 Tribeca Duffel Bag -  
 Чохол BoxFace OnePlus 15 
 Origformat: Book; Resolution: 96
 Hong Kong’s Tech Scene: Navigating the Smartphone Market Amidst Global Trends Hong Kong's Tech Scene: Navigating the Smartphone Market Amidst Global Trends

== == ==

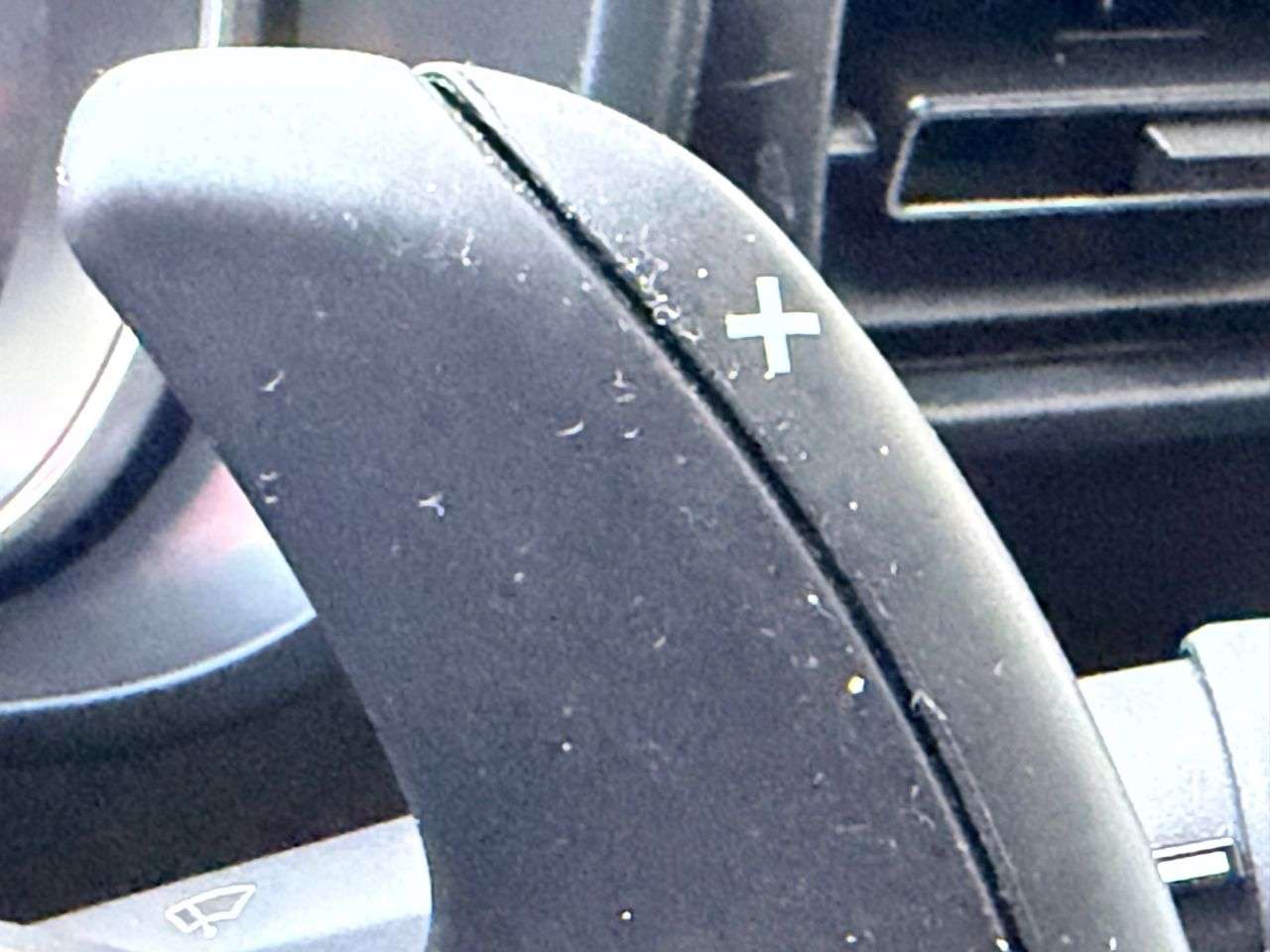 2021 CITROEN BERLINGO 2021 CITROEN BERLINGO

== == ==

» **Work request**
Your answer should be the lines of the listing above between the line holding "Tribeca Duffel Bag" and the line holding "Hong Kong’s Tech", inclusive, restated word for word and alone.

» **Expected output**
 Tribeca Duffel Bag -  
 Чохол BoxFace OnePlus 15 
 Origformat: Book; Resolution: 96
 Hong Kong’s Tech Scene: Navigating the Smartphone Market Amidst Global Trends Hong Kong's Tech Scene: Navigating the Smartphone Market Amidst Global Trends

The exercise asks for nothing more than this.